In September 1951 he returned to Pakistan and resumed his Army medical career. He was first stationed in Baluchistan, where he was the commanding officer and a surgical specialist until March 1954. He subsequently became assistant director of medical services at the Pakistan Army division at Lahore, deputy director of medical services for the Army Medical Corps and finally director of medical services for the Pakistan Air Force. While holding this latter post, he was sent to the School of Aviation Medicine in San Antonio, Texas, USA, where he gained a diploma in aviation medicine.

In May 1959 he was transferred from the military into the Pakistan Civil Service, becoming director general of health and joint secretary of the Ministry of Health, Labour and Social Welfare, with the task of developing the country's health services.

In 1963 he joined WHO, initially as a representative in Tanganyika and Zanzibar, where he helped establish a new medical school at Dar es Salaam. From 1964 to 1975 he was director of health and WHO representative at UNRWA headquarters, Beirut, Lebanon, concerned with the health needs of the 1.5 Palestinian Arab refugees across the Middle East. From 1975 to 1977, he was director of UNRWA operations on the West Bank, carrying the responsibility for UNRWA's relief, health and education services for some 200,000 Palestinians living in the territory of the West Bank (including East Jerusalem) and Gaza.

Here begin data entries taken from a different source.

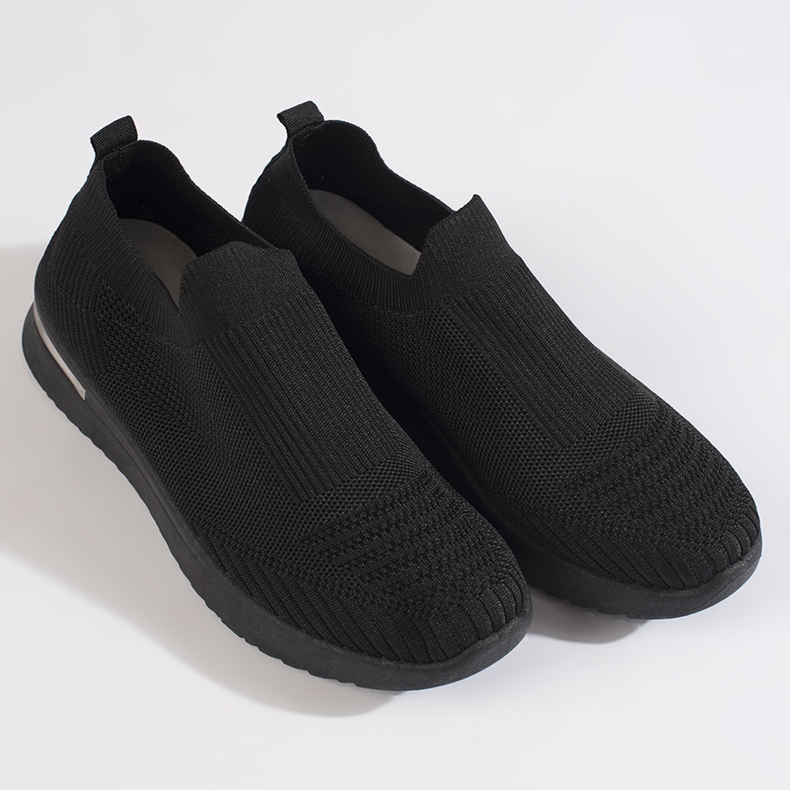 Fekete slip-on tornacipő 1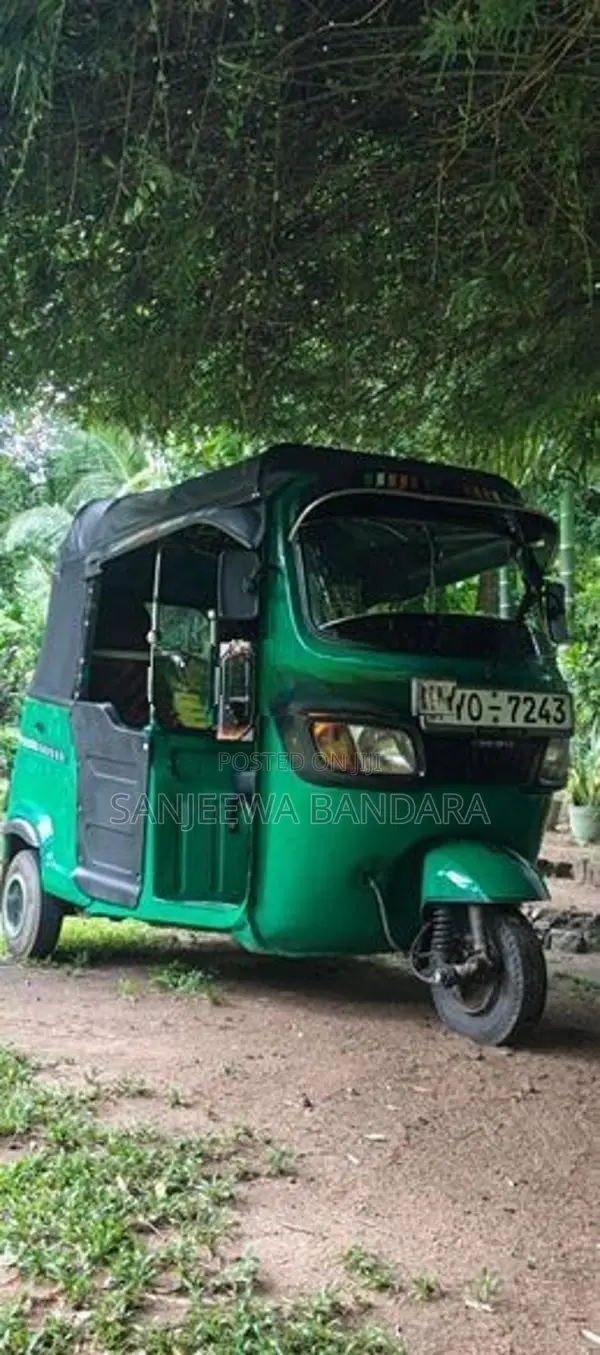 TVS King Three Wheeler 2011
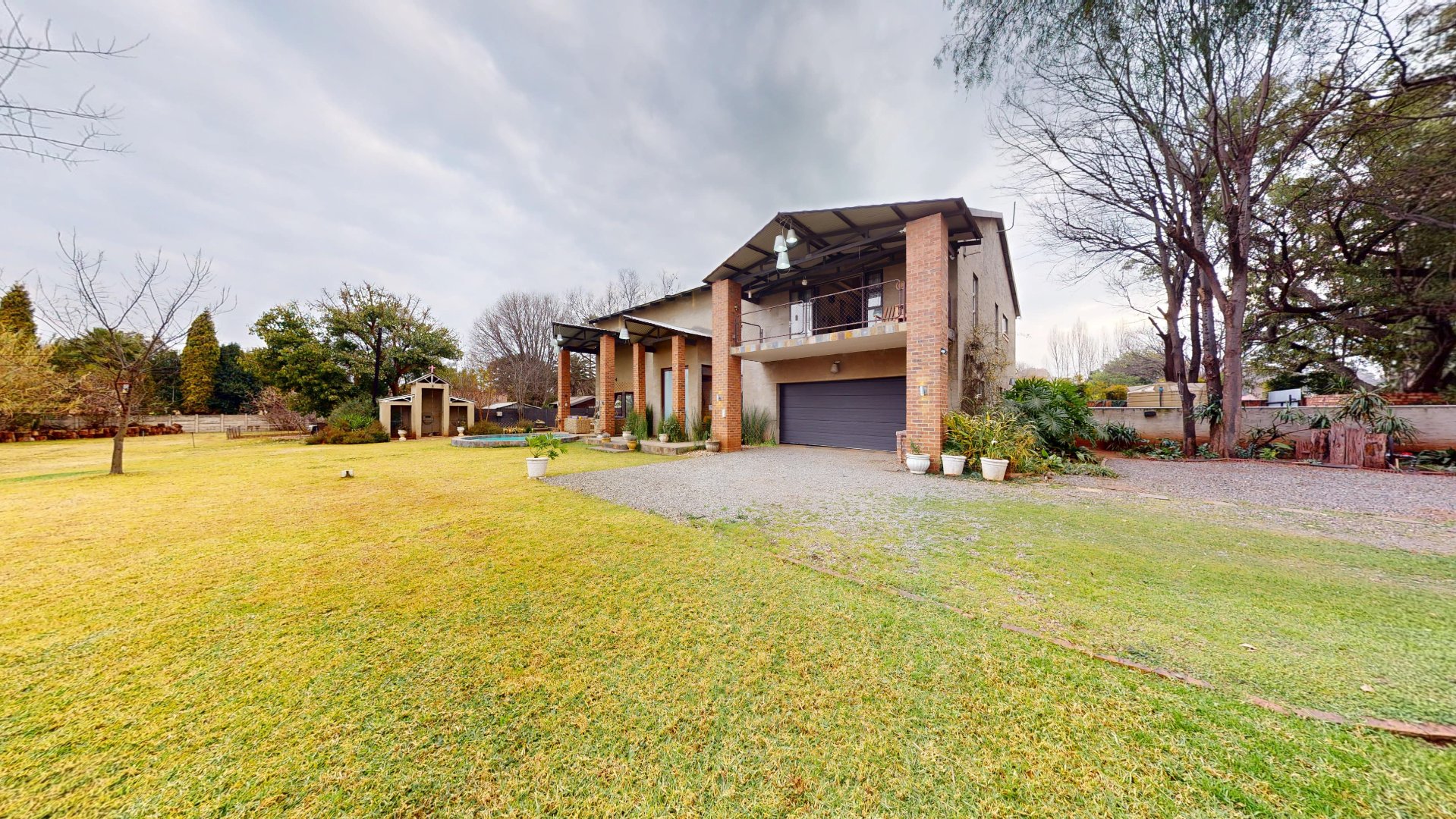 DRIVEWAY AND FULL VIEW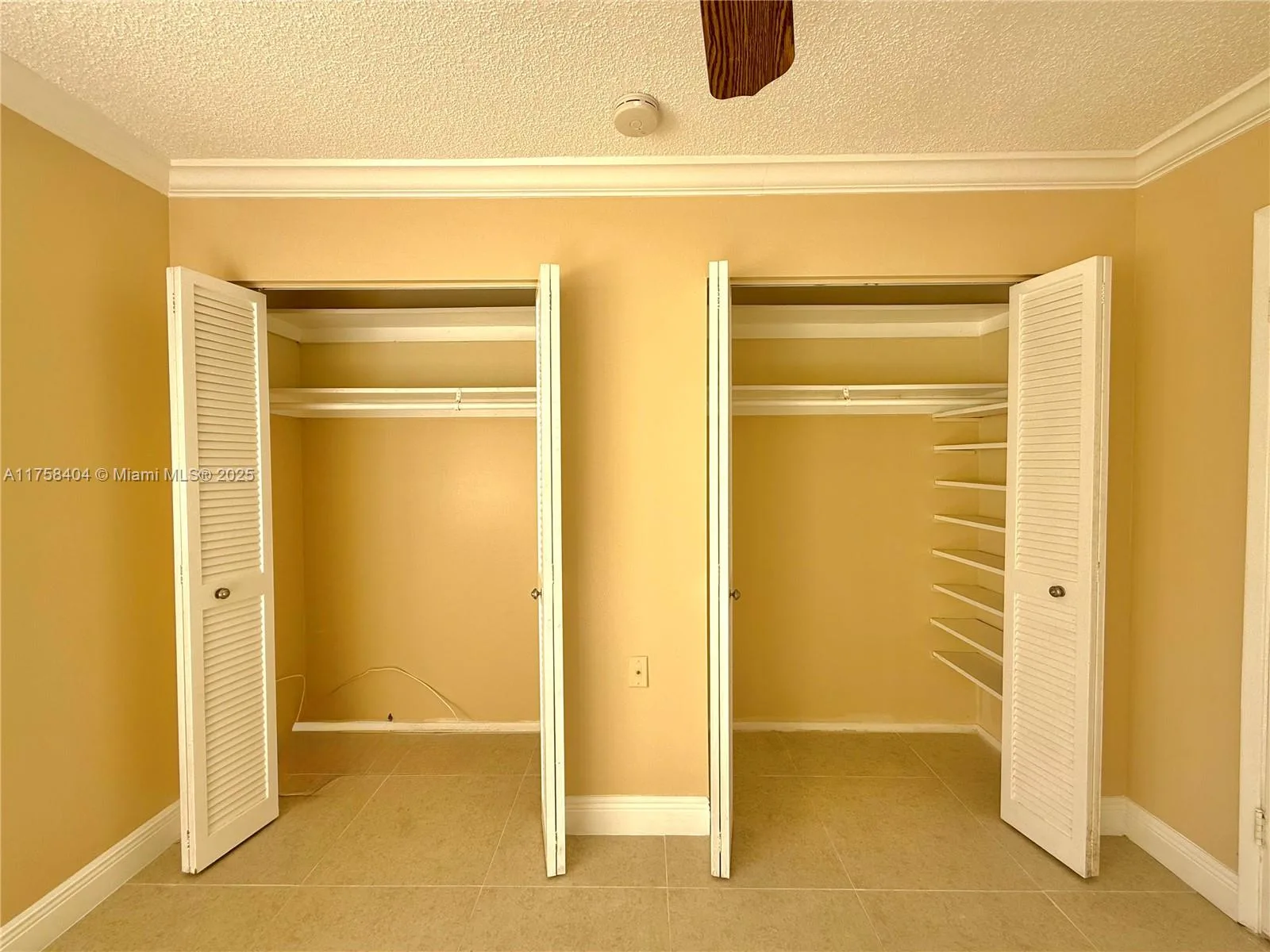 920 NE 199th St # 4J, Miami, FL 33179 photo 11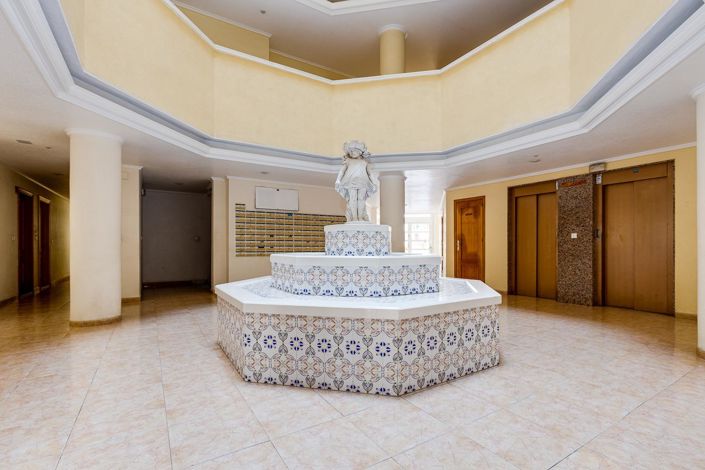 Image No.26-3 Bed Apartment for sale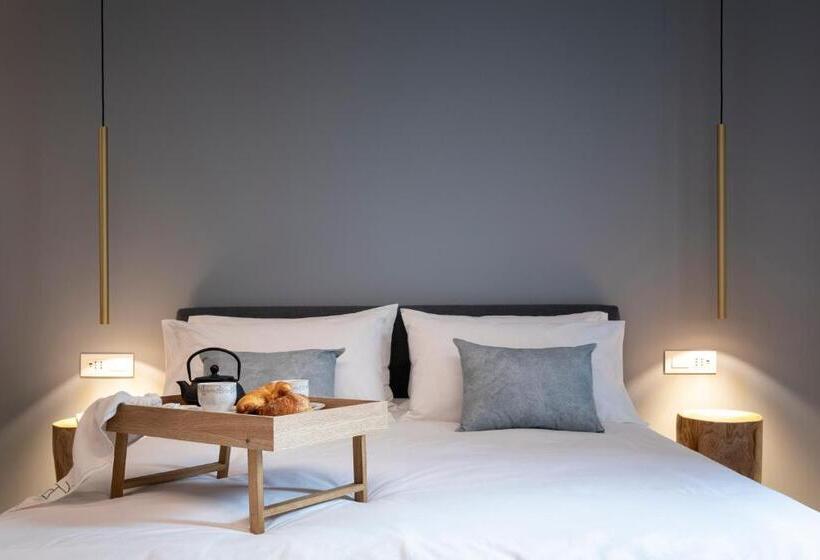 חדר קומפורט לשלושה, Camere D Aria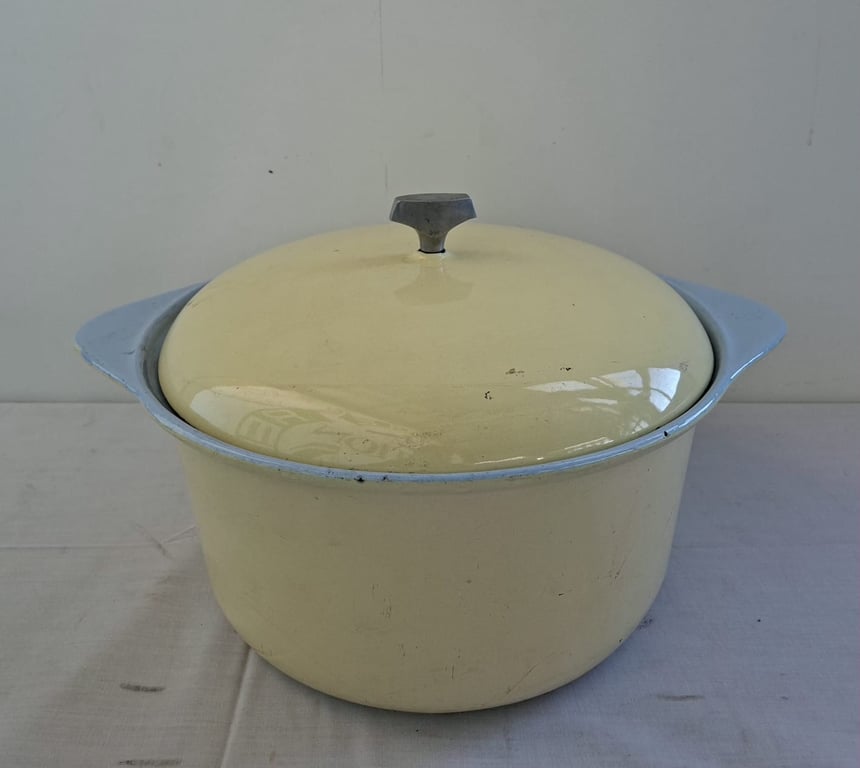 Vintage Enamelled Cast Iron Casserole Pot with Lid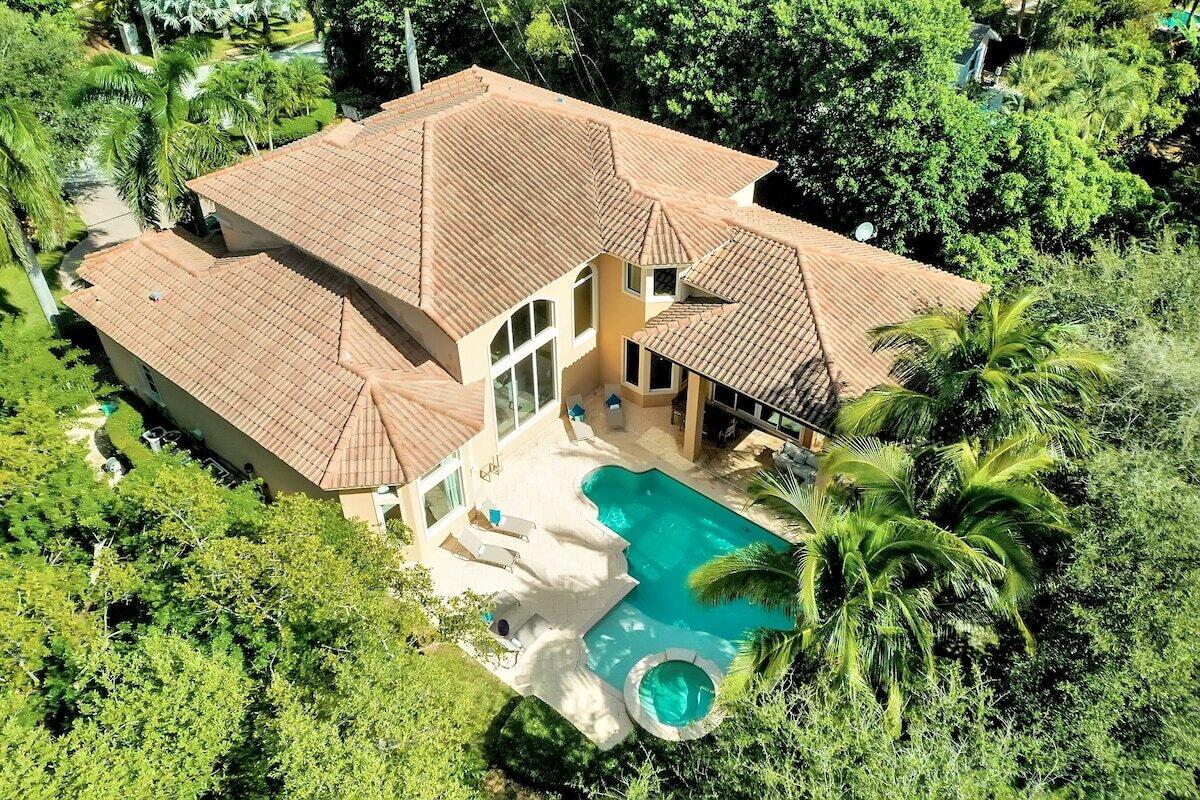 6BR – SingleFamilyResidence at 43 Coconut Lane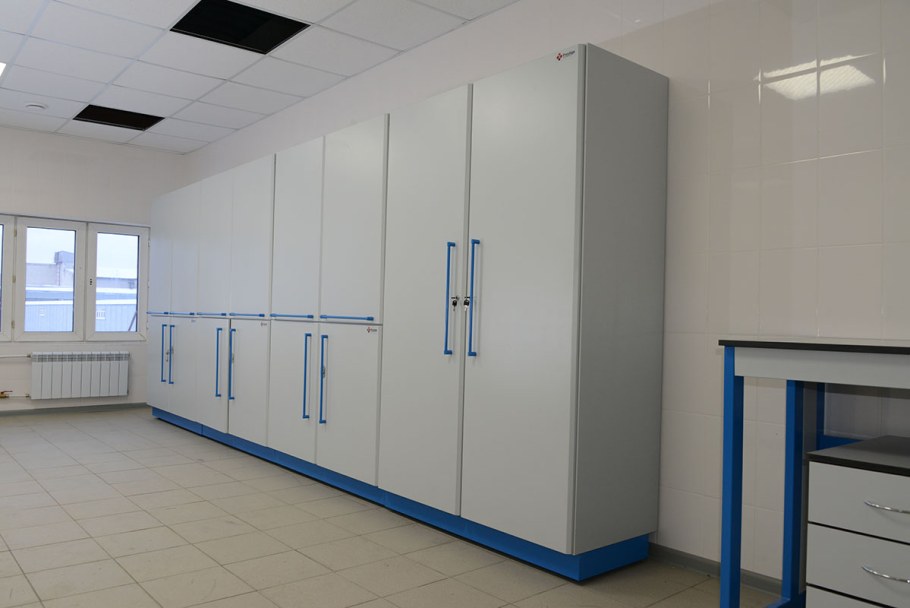 Мебель и оборудование для коридора в лаборатории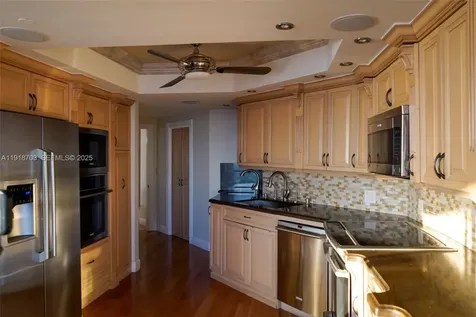 2000 Island Boulevard Aventura FL 33160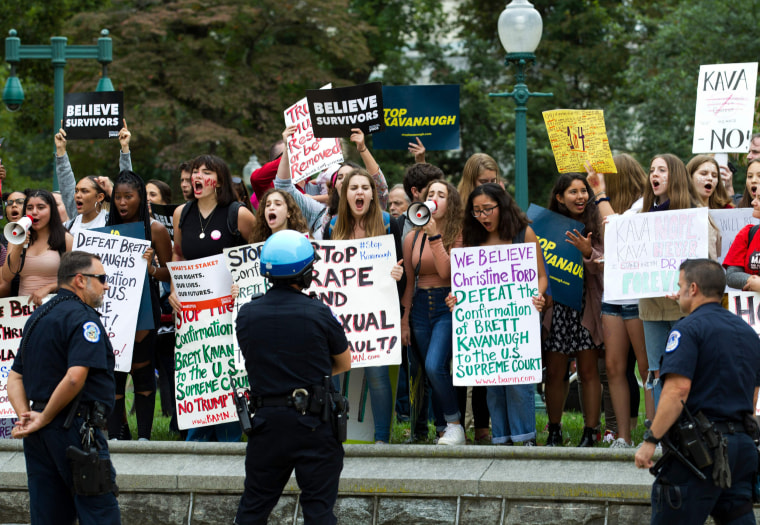 Activist rallies against Brett Kavanaugh heat up surrounding final vote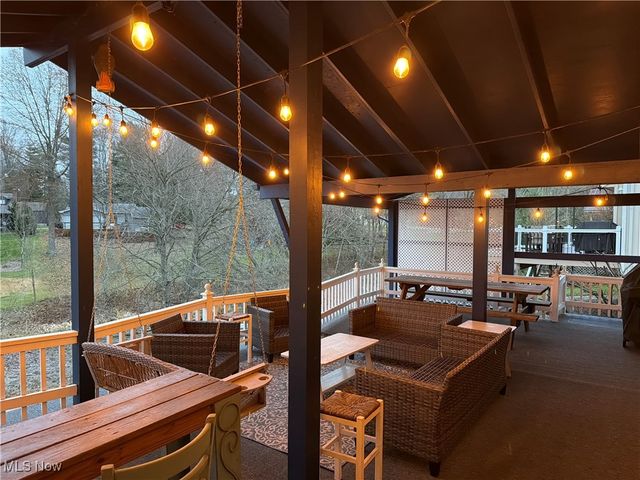 1186 Lincoln Street SW, Sherrodsville, OH 44675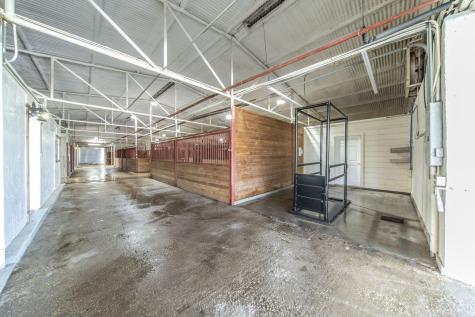 127 County Road 3051 Decatur TX 76234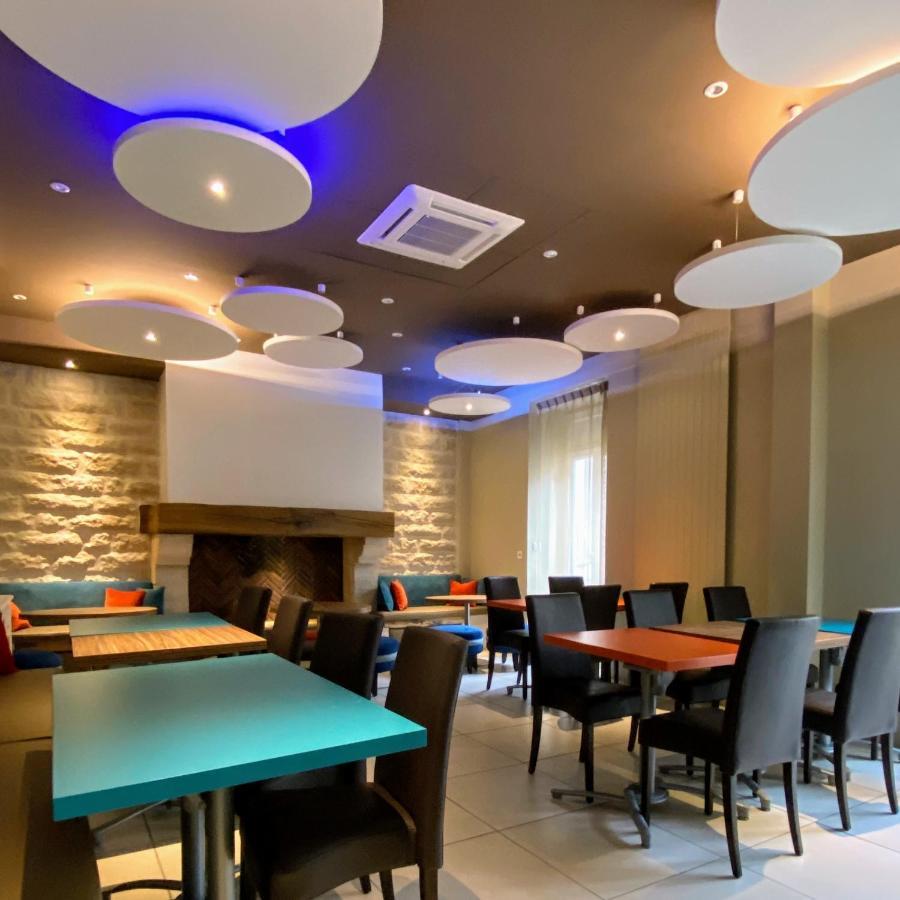 Logis - Le Christina Hotel Bourges Bagian luar foto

He officially retired in January 1977, but was subsequently appointed as a consultant to the WHO European regional office in Copenhagen, Denmark. During the same period, he taught public health administration and management at the American University of Beirut's school of public health.

He received many awards, including the 1939-49 Star, the Africa Star, the Defence medal and the War medal for his service in the Second World War, the Queen Elizabeth II Coronation medal (in 1949), the Pakistan Independence Medal (in 1947), the Republic of Pakistan Medal (in 1956) and the Sitara-i-Qaid-e-Azam, Pakistan's civil honour (in 1961).

He was married to Rukshar and they had two sons (Altan and Sharouh) and three daughters (Ediz, Temriz and Gulseren). He died on 18 January 2014, shortly after his 102nd birthday.

Sarah Gillam

Sources used to compile this entry: [Quarterly News Association of Former WHO Staff October 2014 p.17 - accessed 12 March 2016; United Nations Career Records Project 4 January 1990].